Public Power utilities will continue to offer innovative solutions
The American Public Power Association is reflecting on gaining access to a comparable energy tax incentive that was previously unavailable for public power utilities and rural electric cooperatives.
President and CEO Joy Ditto says, “this will provide us a lot of options as we try to help our communities decide what they want to do on a host of clean energy projects—wind, solar, community solar, hydrogen, and other forward-looking projects like that. So, that was a really big win for us this year.”
The provision, a “direct pay refundable tax credit,” was made possible through the Inflation Reduction Act.
She says it was a long time coming after many years of advocating.
“The Public Power utilities I represent don’t pay federal taxes, so when they provide tax incentives for things like clean energy production or development or other types of energy transition funding through the tax code, we previously didn’t get access to it,” he says. “That means that we had to go out for a purchase power agreement or do something with a third party and the federal funds intended to help were not directly available to help our customers.
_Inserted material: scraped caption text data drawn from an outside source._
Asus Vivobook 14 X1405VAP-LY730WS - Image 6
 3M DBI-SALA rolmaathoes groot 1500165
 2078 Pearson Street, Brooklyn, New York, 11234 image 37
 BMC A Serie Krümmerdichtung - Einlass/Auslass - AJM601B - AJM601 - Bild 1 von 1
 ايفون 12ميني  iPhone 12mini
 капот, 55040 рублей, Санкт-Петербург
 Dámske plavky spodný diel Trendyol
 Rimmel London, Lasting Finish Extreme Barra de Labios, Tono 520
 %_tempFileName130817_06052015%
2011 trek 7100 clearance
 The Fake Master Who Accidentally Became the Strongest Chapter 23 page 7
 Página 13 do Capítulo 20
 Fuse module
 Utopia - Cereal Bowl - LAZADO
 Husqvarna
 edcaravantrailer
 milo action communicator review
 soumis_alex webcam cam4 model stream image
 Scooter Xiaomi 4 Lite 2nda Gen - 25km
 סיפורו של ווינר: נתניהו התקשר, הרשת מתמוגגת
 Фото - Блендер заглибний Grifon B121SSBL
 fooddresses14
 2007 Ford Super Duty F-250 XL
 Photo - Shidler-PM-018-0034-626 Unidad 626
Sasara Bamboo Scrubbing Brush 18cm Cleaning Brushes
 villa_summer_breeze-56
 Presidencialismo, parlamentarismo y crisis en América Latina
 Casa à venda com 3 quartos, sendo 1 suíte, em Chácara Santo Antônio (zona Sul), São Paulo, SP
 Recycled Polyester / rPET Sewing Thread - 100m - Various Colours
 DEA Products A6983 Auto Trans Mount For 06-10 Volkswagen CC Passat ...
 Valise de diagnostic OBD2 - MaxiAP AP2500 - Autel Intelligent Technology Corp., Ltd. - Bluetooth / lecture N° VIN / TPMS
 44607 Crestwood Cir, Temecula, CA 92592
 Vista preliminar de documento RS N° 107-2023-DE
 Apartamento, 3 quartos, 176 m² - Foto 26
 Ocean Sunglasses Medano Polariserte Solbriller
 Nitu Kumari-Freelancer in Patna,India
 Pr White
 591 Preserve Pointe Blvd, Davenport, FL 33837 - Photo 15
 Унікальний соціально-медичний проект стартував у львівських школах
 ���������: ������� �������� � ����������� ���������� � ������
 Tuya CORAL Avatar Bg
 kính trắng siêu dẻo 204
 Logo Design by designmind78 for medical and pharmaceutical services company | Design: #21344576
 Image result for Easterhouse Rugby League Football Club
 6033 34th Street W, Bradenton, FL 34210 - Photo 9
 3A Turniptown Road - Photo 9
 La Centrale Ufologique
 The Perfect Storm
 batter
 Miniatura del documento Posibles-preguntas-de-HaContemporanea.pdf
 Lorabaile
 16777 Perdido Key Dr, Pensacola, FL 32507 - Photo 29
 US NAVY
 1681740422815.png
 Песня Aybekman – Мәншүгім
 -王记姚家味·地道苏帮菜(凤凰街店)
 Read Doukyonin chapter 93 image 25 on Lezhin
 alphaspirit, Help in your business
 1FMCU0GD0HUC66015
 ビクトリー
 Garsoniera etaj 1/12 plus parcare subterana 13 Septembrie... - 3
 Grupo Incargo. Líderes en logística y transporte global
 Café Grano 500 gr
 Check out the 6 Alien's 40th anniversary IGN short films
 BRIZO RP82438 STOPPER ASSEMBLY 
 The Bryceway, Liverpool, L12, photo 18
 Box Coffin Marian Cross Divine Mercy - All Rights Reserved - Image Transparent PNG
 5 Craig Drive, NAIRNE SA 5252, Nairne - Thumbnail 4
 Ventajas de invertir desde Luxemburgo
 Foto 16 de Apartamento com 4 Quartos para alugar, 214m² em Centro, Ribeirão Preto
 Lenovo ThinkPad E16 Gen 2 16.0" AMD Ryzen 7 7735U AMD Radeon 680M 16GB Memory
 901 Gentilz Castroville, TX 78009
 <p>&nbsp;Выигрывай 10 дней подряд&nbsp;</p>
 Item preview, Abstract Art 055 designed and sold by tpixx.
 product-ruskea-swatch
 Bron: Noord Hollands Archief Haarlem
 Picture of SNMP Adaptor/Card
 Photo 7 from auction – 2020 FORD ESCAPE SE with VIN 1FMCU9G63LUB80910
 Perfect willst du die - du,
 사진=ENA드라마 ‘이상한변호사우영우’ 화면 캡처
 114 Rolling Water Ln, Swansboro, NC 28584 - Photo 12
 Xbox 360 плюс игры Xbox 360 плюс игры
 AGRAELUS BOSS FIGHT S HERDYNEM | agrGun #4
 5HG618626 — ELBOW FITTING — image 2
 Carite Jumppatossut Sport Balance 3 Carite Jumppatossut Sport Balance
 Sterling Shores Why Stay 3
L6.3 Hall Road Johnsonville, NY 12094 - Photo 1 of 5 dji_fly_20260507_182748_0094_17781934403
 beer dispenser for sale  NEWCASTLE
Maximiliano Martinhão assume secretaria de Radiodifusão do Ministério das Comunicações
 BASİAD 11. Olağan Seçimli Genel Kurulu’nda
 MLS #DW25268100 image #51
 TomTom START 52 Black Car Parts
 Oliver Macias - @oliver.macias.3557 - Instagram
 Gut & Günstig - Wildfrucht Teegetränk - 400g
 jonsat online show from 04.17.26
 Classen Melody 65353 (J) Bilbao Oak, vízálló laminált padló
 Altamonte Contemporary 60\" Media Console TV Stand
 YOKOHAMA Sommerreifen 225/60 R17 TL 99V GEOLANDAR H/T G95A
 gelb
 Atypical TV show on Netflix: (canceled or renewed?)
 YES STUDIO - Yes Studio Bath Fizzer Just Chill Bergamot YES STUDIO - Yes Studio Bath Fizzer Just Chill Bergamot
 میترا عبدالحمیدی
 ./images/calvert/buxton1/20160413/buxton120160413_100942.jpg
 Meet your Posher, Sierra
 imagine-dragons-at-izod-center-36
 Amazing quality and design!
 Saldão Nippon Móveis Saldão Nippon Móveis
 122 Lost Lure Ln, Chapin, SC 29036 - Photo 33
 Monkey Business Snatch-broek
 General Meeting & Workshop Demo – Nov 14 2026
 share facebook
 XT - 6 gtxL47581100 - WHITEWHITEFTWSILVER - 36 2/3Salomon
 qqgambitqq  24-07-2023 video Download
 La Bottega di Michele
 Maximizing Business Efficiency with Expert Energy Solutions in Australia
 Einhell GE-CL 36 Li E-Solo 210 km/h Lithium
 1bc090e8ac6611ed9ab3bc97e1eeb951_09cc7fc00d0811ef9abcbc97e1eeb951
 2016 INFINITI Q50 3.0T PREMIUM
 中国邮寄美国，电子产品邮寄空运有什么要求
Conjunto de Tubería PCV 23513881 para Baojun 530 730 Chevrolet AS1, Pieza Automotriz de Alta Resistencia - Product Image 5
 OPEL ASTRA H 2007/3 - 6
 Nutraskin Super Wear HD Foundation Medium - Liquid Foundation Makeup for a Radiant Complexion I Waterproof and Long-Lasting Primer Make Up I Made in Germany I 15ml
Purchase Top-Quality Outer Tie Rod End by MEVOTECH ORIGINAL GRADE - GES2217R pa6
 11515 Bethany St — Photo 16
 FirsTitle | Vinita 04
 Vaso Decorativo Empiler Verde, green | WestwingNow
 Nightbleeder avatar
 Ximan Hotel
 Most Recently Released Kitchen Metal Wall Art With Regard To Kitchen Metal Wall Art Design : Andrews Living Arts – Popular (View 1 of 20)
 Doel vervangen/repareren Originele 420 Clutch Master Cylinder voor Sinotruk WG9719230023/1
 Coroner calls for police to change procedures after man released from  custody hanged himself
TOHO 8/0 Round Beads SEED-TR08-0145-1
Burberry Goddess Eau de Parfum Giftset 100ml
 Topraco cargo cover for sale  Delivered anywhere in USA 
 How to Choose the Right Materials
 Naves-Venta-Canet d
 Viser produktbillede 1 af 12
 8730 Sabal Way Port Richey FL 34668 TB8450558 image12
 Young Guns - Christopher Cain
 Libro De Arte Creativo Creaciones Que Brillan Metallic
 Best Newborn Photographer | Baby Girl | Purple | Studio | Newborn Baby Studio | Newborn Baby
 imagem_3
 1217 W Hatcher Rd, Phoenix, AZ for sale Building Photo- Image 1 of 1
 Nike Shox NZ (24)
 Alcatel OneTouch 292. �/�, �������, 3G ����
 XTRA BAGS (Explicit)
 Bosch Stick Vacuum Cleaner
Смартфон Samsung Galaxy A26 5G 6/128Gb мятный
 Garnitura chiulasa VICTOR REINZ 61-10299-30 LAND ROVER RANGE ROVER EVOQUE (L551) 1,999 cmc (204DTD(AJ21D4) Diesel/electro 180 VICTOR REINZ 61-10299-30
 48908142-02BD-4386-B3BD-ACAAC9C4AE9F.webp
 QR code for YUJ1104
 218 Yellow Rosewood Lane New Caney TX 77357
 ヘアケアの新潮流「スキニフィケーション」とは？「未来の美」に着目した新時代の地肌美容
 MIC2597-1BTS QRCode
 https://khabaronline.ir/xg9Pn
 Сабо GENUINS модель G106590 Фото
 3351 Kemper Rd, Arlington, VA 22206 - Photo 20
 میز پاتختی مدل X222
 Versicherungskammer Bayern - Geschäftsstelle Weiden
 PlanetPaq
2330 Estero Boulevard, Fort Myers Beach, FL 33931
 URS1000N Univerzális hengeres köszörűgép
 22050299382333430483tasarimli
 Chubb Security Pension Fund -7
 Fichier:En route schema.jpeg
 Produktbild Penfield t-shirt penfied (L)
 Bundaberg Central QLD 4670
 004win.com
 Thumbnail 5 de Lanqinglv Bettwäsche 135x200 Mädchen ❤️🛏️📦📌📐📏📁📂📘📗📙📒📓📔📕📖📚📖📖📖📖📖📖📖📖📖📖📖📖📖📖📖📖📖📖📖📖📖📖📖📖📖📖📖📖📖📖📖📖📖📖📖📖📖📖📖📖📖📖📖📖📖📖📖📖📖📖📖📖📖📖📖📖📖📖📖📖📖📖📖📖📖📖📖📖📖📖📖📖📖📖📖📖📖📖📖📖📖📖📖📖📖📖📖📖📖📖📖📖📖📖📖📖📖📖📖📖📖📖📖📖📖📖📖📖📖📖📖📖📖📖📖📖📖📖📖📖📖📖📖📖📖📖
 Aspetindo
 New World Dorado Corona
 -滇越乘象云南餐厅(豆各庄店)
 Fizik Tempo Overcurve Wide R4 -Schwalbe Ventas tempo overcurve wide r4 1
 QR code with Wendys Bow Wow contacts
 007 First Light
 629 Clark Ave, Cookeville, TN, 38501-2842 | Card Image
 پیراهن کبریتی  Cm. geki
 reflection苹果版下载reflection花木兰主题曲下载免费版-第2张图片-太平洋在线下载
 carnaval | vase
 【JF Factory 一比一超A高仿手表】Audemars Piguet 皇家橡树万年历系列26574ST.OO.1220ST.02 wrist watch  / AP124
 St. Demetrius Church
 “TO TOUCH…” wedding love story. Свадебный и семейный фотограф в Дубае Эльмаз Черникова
That was also true of the Rural Electric Cooperatives who are our brethren in serving rural communities. We both got access to this great tax incentive.”
Public Power utilities are ready to help rural customers, Ditto says.
“Even though often times they are smaller utilities, they’re doing innovative work and they’re very much focused on the needs of their customers first,” she says. “They’re not-for-profit and therefore in 2023 they’ll continue to reach out to customers to find out creative ways tat they can address challenges. That continued outreach will be very helpful especially as smaller communities try to access some of this federal funding.”
APPA represents 2,000 publicly owned, not-for-profit electric utilities that provide cost-based electricity to 49 million Americans in 49 states.